# A New Conan



## Water Bob (Feb 15, 2017)

I thought Jason Momoa was a pretty good Conan, but if we ever get another Conan film--except for the one supposedly in the works with Arnie returning the role as King Conan--I think Zach McGowan would be an excellent choice.  Deep, husky voice.  Muscular build, but walk like a panther (as described in the books).  He's not too bulky (trying to fit Howard's description not popular culture's expectation of the mighty barbarian).  And, unlike Momoa, McGowan has blue eyes.

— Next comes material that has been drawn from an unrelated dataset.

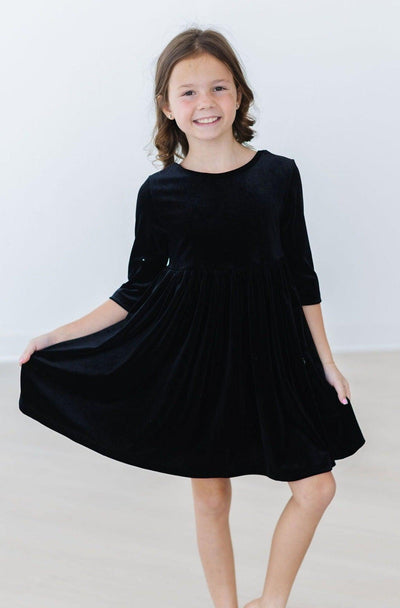 Mila & Rose:  Black Velvet Twirl Dress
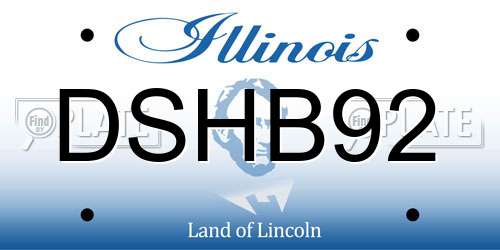 DSHB92 Illinois License Plate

McGowan plays Captain Charles Vane (an actual historical pirate) on the Starz series Black Sails.


I present to you....Conan, the Barbarian.


----------



## Dioltach (Feb 15, 2017)

I was quite excited when I heard about Jason Momoa playing Conan, based on his portrayal of Khal Drogo, but in the end I was disappointed. I actually thought the kid who played Young Conan at the start of the movie did a better job.


----------



## Tonguez (Feb 15, 2017)

he certainly has the right look for what REH envisioned, however at 37 he is far too old for classic Conan


----------



## Water Bob (Feb 15, 2017)

Tonguez said:


> he certainly has the right look for what REH envisioned, however at 37 he is far too old for classic Conan




Depends on what Howard story that you are talking about!


----------



## Ralif Redhammer (Feb 15, 2017)

I could see that guy working, though I thought Momoa did a great job as Conan. The rest of the movie, on the other hand, had issues. Making it both a revenge tale, a save-the-world quest, and a rescue mission felt at odds with the source material – it would’ve been better to pick one and stick with it.

Totally psyched for Schwarzenegger’s return to Conan, if it ever happens. While the Terminator took some narrative gymnastics to figure out why he was older, King Conan will hopefully work better without such.


----------



## ccs (Feb 15, 2017)

Tonguez said:


> he certainly has the right look for what REH envisioned, however at 37 he is far too old for classic Conan




Well, so was Arnold when he made his Conan's.  And we still love them.


----------



## Hand of Evil (Feb 16, 2017)

I liked Zach McGowan as Vane and think he would be great in the role.  Tom Hopper also from Black Sails, he plays Billy Bones, could give him a run.


----------



## Brandegoris (Apr 14, 2017)

I will say something that will likely not be very popular....Momoa is in every way A superior Conan to Arnold . In Every single way. Better actor, better Body for the role. much closer to what REH describes Conan looking like. His Only Downfall might be that he had a Much quicker/better sense of humor than the Conan of Howards writings. 

There is an actor I am curious about. I think if he got just a Bit Bigger he may surprise people and be a decent Conan possibly? Mads Mikkelsen?
http://derekalansiddoway.com/wp-content/uploads/2014/09/Mingan-Temur-Mads-Mikkelsen.jpg

Just imagine him with longer hair and not so Much beard?


----------



## Water Bob (Apr 14, 2017)

I like Mads, but he's 52.  He's a bit too old to play Conan.  Maybe King Conan, though...


----------



## Ryujin (Apr 14, 2017)

I agree on both counts; that Momoa made for a better Conan and that Mikkelsen would make for a good "King Conan", but presents as a little old for the earlier stories.


----------



## Legatus Legionis (Apr 14, 2017)

.


----------



## Brandegoris (Apr 14, 2017)

Agreed. Conan DID get old, so I am All about it 
Also 52 is the new 30 

Sidenote: Zach McGowan is 35 and looks 45...So he's not young either LOL


----------